On March 9 the receiver filed a petition for instructions in which he related to the court the conditions which he had discovered in attempting to carry out his duties. After a hearing on March 13 the court instructed the receiver to liquidate the automobiles on hand ‘in a manner designed to realize the maximum sum therefor.’
The receiver's second petition for instructions, filed March 30, reported that all cars had been sold for the best price obtainable, some by auction and others by private sale. The report explained that most of the automobiles on hand had been in bad condition. Many had been standing on the lot for 90 days or more and did not run well. On April 1 the court made an order approving the report and giving instructions regarding disposition of remaining items of property. On May 1, in response to the receiver's further petition for instructions, the court directed him to surrender certain leased premises to the landlord. On June 10, 1964, and on September 3, 1964, the receiver filed status reports with the court giving information about accounts receivable and payable, and other matters. On September 28, 1964, the receiver filed his verified final report and account and petition for discharge.
On October 29 appellants Macmorris Sales Corporation and Morris Bowman filed their written objections to the receiver's account and report. In this document appellants made the following assertions:
That automobiles having a wholesale value of $84,240 had been sold for $55,804.65 without any explanation.
That ‘Objection is hereby interposed to each and every item contained in Exhibit C of the Receiver's final report,’ which was his schedule of disbursements totaling $25,817.17.
That a $10,000 rent deposit had been lost ‘due to the carelessness and negligence of the receiver.’
Appellants prayed that the receiver be denied any compensation and surcharged for any deficiency.
When the receiver's account came on for hearing, appellants' attorney advised the court that the matter would take two or three days for trial. The hearing was then put over to December 2, so it could be assigned to a regular trial department.
On November 6, 1964, the receiver petitioned for leave to employ counsel, calling the court's attention to the nature of the attack which had been made upon his account and the statements which the objectors' attorney had made. On the same day the court made an ex parte order authorizing the receiver to employ counsel to assist him with reference to the objections to his account.
On November 20 the court heard and denied appellants' motion to vacate the order of November 6.

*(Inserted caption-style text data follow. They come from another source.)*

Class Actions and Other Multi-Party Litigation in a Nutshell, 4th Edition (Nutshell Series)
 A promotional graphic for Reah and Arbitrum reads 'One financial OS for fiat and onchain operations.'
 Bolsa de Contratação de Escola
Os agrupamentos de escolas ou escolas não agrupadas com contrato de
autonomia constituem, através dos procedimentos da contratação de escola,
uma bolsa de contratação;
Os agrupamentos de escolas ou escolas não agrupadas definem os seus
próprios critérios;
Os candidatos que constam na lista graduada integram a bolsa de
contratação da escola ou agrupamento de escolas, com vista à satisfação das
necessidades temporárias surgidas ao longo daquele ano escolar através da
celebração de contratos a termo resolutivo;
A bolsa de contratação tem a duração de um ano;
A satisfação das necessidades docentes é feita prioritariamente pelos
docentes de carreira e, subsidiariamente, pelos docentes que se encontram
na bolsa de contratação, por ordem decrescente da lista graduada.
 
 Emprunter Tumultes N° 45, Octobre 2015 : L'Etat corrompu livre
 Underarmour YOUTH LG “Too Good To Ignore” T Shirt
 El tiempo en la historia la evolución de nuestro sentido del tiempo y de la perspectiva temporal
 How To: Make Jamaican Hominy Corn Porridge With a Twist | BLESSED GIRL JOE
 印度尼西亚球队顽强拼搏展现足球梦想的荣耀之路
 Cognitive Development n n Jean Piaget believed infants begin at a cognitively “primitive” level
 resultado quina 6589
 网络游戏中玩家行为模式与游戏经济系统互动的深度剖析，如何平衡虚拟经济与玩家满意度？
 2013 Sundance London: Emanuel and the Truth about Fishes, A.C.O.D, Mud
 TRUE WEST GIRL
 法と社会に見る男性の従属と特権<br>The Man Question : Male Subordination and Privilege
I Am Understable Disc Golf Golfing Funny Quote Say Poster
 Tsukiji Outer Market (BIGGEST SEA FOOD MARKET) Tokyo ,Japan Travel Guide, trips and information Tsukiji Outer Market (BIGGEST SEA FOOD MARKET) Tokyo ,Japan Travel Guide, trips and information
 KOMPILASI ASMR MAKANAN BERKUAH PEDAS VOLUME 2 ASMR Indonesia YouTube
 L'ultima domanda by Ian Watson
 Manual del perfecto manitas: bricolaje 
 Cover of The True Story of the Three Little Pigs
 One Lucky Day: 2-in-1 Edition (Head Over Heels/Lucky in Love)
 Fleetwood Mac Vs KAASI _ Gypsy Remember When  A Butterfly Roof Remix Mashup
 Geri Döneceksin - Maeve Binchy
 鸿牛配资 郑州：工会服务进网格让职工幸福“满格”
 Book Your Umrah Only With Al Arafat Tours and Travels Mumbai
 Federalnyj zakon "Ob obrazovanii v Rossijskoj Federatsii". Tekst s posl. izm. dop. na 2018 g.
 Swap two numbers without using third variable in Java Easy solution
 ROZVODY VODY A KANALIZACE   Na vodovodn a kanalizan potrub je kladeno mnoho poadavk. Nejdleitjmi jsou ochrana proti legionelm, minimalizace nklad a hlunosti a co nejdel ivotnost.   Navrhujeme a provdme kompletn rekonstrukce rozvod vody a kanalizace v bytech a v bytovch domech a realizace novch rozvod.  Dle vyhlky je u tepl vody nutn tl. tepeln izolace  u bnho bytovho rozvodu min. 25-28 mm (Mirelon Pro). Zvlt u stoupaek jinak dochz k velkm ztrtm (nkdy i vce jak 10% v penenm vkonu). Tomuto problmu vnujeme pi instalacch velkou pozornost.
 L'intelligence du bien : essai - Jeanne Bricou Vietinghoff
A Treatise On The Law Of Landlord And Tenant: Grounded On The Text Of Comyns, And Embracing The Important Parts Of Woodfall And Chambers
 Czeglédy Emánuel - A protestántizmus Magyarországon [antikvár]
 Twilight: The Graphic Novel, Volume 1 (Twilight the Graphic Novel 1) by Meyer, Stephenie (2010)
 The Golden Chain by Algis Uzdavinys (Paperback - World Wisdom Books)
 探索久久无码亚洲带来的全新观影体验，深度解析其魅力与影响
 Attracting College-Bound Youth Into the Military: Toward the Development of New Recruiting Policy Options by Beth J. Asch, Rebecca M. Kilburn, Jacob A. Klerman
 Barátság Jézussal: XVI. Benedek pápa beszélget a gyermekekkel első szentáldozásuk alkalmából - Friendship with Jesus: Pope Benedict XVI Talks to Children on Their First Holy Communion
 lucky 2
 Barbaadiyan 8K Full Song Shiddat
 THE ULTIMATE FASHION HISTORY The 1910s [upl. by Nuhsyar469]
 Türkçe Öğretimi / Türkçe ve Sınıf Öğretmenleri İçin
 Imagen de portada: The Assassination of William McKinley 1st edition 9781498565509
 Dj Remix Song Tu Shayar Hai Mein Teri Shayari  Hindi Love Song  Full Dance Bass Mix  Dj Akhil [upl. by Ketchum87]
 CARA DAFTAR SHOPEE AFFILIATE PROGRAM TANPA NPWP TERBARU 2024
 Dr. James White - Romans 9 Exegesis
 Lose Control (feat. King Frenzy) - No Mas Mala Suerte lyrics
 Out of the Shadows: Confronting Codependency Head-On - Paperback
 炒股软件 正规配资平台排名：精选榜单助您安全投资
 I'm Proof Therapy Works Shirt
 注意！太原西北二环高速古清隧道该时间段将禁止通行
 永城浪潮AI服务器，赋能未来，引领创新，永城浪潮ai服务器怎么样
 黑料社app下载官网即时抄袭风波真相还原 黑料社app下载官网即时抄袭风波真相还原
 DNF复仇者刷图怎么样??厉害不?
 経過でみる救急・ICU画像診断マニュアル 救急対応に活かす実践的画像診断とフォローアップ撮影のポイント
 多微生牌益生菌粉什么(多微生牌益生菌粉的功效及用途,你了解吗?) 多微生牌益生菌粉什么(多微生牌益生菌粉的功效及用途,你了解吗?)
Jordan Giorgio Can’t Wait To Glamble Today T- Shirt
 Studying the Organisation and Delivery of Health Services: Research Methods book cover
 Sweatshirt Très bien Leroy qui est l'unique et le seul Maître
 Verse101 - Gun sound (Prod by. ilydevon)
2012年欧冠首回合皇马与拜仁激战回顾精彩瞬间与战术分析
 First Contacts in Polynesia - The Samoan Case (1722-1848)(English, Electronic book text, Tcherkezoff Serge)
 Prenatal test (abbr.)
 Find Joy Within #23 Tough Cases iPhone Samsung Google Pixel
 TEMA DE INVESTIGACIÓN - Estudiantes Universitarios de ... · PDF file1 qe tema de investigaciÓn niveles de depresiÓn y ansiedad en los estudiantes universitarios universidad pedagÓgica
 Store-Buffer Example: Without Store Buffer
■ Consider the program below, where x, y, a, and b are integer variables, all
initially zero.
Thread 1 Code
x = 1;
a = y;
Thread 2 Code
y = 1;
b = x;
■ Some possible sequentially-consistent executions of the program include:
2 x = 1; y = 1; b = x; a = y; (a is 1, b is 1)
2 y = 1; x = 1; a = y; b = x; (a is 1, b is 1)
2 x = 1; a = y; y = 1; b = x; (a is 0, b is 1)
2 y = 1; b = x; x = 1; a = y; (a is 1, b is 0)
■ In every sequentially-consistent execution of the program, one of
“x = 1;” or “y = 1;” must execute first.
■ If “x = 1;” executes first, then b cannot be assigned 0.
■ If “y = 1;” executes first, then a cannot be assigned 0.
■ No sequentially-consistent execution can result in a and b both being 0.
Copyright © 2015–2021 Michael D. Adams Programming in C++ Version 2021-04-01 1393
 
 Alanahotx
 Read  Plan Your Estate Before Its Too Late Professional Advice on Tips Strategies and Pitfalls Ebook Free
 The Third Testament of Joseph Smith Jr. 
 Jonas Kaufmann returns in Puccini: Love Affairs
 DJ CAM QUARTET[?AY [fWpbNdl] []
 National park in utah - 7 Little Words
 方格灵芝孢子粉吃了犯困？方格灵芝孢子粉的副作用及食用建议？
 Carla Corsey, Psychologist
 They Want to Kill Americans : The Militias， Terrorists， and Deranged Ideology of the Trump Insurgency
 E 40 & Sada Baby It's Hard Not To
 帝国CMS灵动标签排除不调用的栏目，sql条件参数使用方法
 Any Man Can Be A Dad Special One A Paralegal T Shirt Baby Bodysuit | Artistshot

On, December 2, 1964, the account and objections thereto came on for hearing before Judge Rhone, sitting in a trial department. Appellants called the receiver and cross-examined him, but offered no other evidence. The court then made its order approving the account and allowing the receiver compensation in the amount of $3,020. The question of allowing fees for the receiver's attorney was continued to December 21 and set for department 65, so that it could be heard by Judge Collins, who had appointed the receiver and had made all of the supervisory orders. The decision made on December 2 is reflected in written findings of fact and conclusions of law, and a separate order, signed and filed on December 16.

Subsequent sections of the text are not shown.